Crawled caption data:
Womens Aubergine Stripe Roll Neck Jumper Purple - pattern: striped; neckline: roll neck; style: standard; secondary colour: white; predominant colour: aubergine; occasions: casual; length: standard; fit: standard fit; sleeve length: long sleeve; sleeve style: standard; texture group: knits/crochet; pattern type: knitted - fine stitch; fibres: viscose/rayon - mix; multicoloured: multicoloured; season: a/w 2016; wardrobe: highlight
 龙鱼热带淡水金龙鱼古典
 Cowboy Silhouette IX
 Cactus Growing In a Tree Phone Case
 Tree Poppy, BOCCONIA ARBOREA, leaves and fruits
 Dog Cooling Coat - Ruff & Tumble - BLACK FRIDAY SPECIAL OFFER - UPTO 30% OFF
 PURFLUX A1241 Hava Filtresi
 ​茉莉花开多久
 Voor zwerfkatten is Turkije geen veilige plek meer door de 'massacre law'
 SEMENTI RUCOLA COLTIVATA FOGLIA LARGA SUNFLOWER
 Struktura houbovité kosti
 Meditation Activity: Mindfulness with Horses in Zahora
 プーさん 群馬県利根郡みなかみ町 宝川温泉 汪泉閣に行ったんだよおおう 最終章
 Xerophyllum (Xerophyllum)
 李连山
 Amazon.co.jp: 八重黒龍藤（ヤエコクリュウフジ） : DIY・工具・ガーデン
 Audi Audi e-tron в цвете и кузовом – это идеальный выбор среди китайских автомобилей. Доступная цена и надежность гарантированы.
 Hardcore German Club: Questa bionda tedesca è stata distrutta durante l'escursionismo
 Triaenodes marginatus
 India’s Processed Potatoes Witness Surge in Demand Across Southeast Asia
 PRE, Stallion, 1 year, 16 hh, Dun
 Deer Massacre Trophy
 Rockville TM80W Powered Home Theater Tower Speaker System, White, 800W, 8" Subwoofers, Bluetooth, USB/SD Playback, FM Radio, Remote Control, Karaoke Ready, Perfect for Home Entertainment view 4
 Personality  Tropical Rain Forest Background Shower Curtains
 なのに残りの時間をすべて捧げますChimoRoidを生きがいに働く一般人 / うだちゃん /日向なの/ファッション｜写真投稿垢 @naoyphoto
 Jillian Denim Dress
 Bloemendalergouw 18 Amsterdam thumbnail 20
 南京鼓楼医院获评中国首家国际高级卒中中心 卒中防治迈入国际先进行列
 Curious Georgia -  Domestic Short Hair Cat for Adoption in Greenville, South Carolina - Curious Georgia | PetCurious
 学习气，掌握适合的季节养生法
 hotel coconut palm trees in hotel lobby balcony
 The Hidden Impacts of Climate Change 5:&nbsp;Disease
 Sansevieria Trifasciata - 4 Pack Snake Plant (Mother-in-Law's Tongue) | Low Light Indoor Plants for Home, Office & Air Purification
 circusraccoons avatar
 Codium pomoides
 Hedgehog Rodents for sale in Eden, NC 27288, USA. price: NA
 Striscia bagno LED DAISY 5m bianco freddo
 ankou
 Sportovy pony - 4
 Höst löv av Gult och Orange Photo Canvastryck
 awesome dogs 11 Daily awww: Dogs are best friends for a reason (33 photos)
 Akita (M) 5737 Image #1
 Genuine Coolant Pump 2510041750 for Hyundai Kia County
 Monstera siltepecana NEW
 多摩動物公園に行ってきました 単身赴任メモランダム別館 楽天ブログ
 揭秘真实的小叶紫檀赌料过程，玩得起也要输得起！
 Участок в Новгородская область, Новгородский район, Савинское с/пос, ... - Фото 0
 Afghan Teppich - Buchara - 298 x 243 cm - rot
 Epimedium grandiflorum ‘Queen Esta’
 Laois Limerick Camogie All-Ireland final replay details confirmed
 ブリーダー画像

▸ What the exercise asks:
State the number of lines in the data that include the string "Home", and add nothing else.

▸ Task result:
2